See Benchmarks for numbers that validate this framing.
trnsparse/
├── trnsparse/
│ ├── __init__.py
│ ├── formats.py # CSRMatrix, COOMatrix, conversions, from_dense
│ ├── ops.py # spmv, spmm, spmv_symmetric, add, scale, transpose
│ ├── screening.py # schwarz_bounds, screen_quartets, density_screen
│ └── nki/
│ ├── __init__.py
│ └── dispatch.py # Gather-matmul-scatter SpMM kernel
├── tests/
├── examples/
│ └── sparse_fock.py # Screened Fock build demo
NKI SpMM strategy¶
SpMM on Trainium uses a gather-matmul-scatter pattern:
- DMA engine: gather non-zero column indices into dense SBUF tiles
- Tensor Engine: matmul the dense tile against B columns
- DMA engine: scatter results back to output rows
This is the same pattern used in sparse attention. The efficiency depends on the nnz distribution per row — uniform nnz maps cleanly to fixed-size tiles; highly variable nnz needs row-bucketing.
Formats¶
- CSR (compressed sparse row): preferred for SpMV with many right-hand sides and for SpMM. Row pointer + column indices + values.
- COO (coordinate): preferred for construction and permutation. Three parallel 1-D tensors.
Conversions csr_to_coo() / coo_to_csr() are cheap (bucket sort).
Dispatch¶
nki/dispatch.py exposes HAS_NKI, set_backend("auto"|"pytorch"|"nki"), get_backend(), and the NKI entry points. In v0.2.0, spmm routes through _use_nki() and calls _spmm_dense_kernel on the Tensor Engine. spmv, spmv_symmetric, and screening still run the PyTorch path (single-column NKI matmul doesn't pay off).
v0.2.0 CSR SpMM path¶
Forward — _SpMMFunction.forward:
- Materialize the CSR into a dense
(M, K)tile (host-side). - Pad
M,Kup to 128-multiples andNup to a 512-multiple (only whenN > 512). - Move padded A and B to the XLA device; dispatch
_spmm_dense_kernel. - Slice the result back to the caller's
(M, N).
The kernel is the trnblas GEMM pattern: stationary A-tile on the systolic array, streaming B tiles via nisa.nc_matmul, PSUM accumulation across K-tiles, one store per output tile.

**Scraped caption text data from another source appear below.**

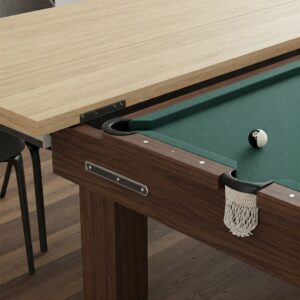 Close-up view of the easy conversion mechanism of a pool table kitchen table, transforming it from dining to gaming.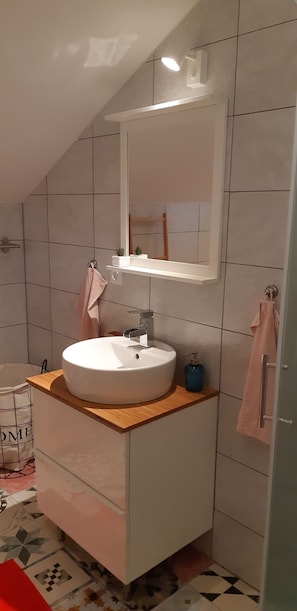 Een moderne badkamer met een witte wastafel, een rond wasbakje, een spiegel en een klein plankje met een plantje.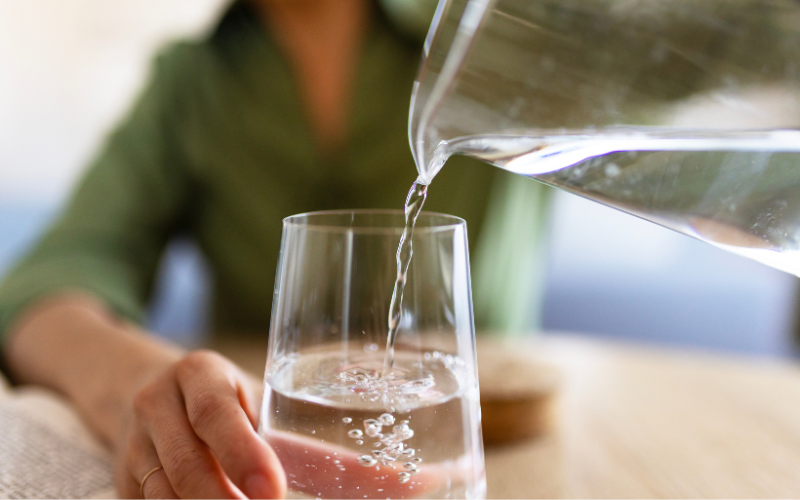 Person pouring water into a glass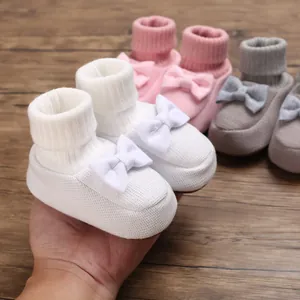 Gros plan de chaussures de bébé en tricot souple avec nœuds décoratifs pour tout-petits
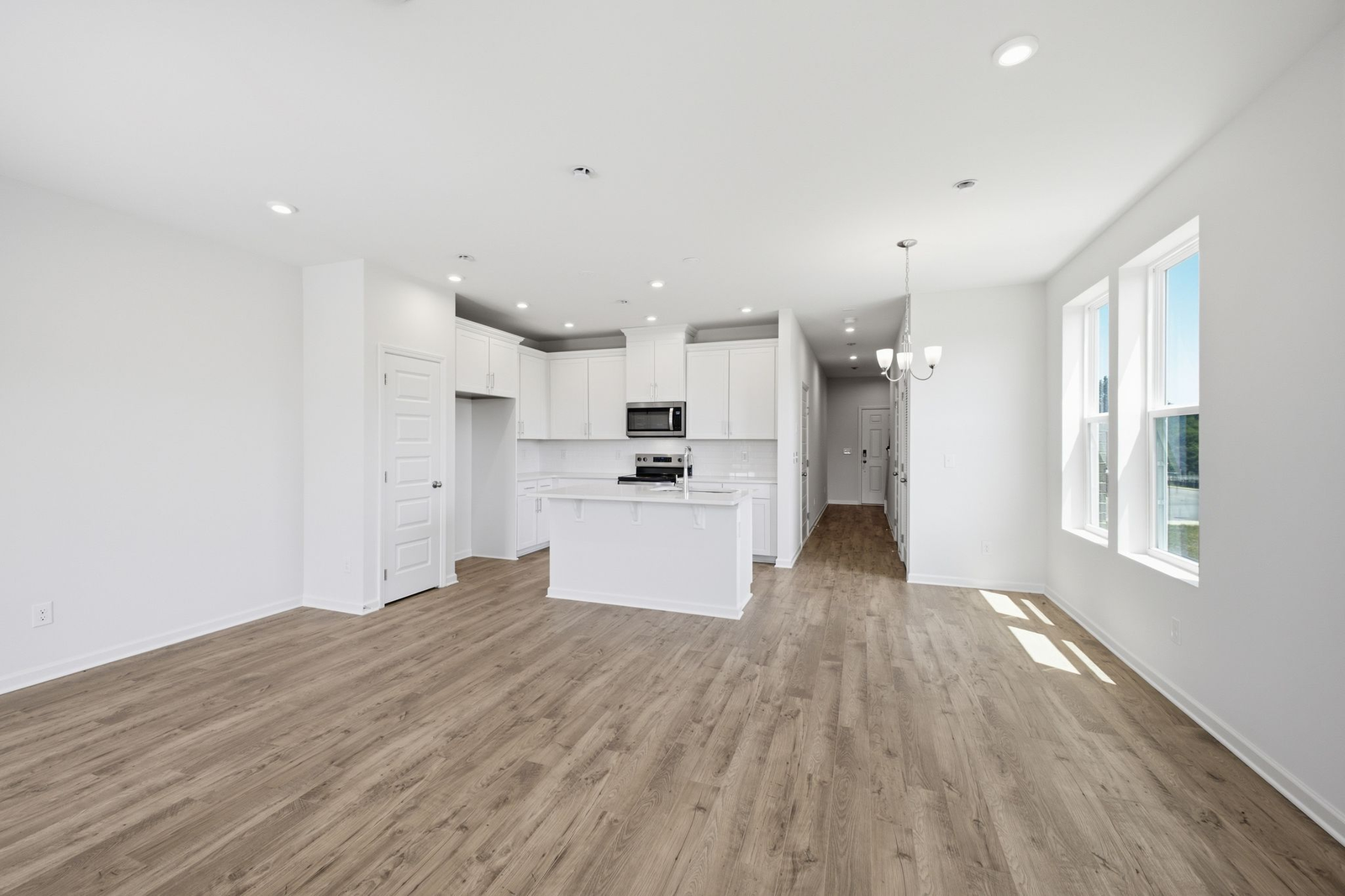great room with hardwood floors and large windows attached to open concept kitchen with white cabinets and stainless steel appliances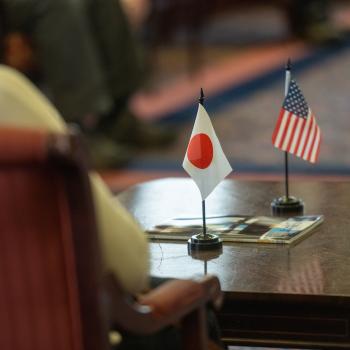 Photo of a small Japan flag and US flag on a table
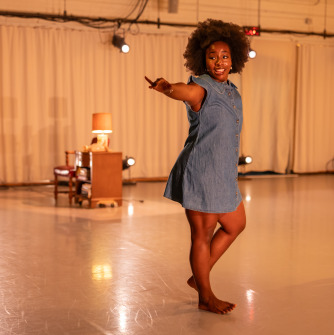 Person wearing a gray dance posed in the middle of a dance studio
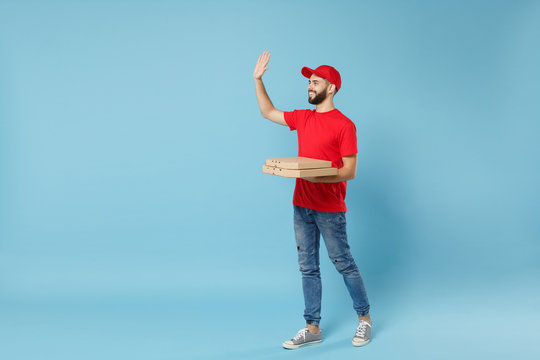 Delivery man in red workwear giving food order pizza boxes isolated on blue background, studio portrait. Professional male employee in cap t-shirt print courier. Service concept. Mock up copy space.
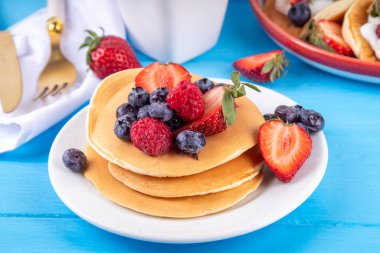 Yaz meyveli geleneksel Amerikan krepleri yığını. Sabah güneşinde bal, çilek ve yabanmersinli kahvaltı krepleri, mavi ahşap arka plan fotokopi alanı.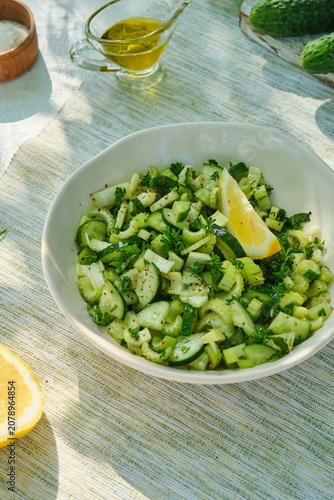 A healthy salad with celery, cucumber, parsley, and a lemon-olive oil dressing in a light bowl on a white concrete background.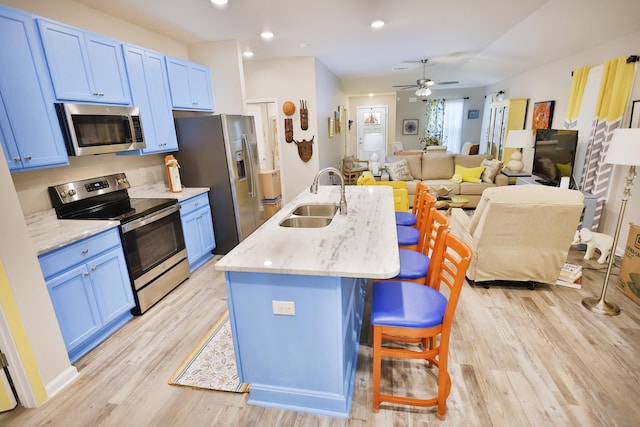 kitchen featuring blue cabinets, sink, a kitchen island with sink, appliances with stainless steel finishes, and a breakfast bar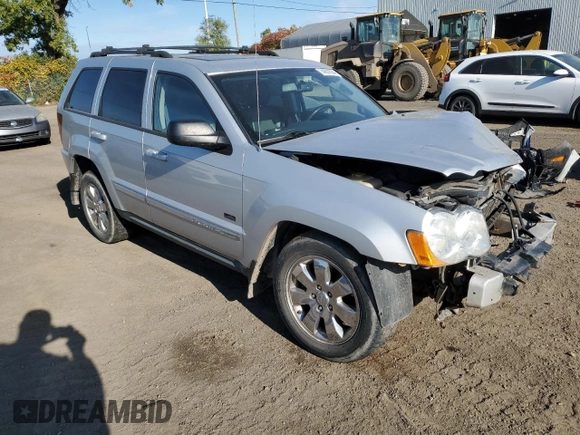 2009 Jeep Grand Cherokee Laredo with VIN 1J8HR48P39C559192, listed as a Copart auction lot 74007094 with 105,997 mi miles and Salvage Title. Bid and sale history available at carsss.com. Image 4.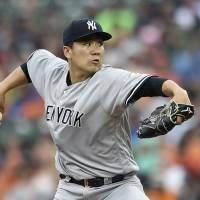 Masahiro Tanaka pitches against the Orioles during the first inning on Saturday in Baltimore. Masahiro Tanaka strikes out seven as Yankees beat Orioles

Backward — _SpMMFunction.backward, PyTorch-level:
dL/dA_dense = dL/dC @ Bᵀ(projects back through theto_dense()graph onto the original CSR values)dL/dB = A_denseᵀ @ dL/dC
This wrapping satisfies trnsci/trnsci#3 — the suite-wide requirement that every NKI kernel live inside a torch.autograd.Function so training-time loss.backward() works. torch.autograd.gradcheck on small inputs is part of the hardware test matrix.
Known limits (v0.2.0)¶
- No sparsity exploitation. Materialize-then-GEMM pays the full
M × Kcost. Row-bucketing is the v0.3.0 (#15) Phase 3 story. See Benchmarks for where NKI sits today vs scipy / torch.sparse. - SpMV stays PyTorch. A single output column on the Tensor Engine doesn't justify the compile + dispatch overhead.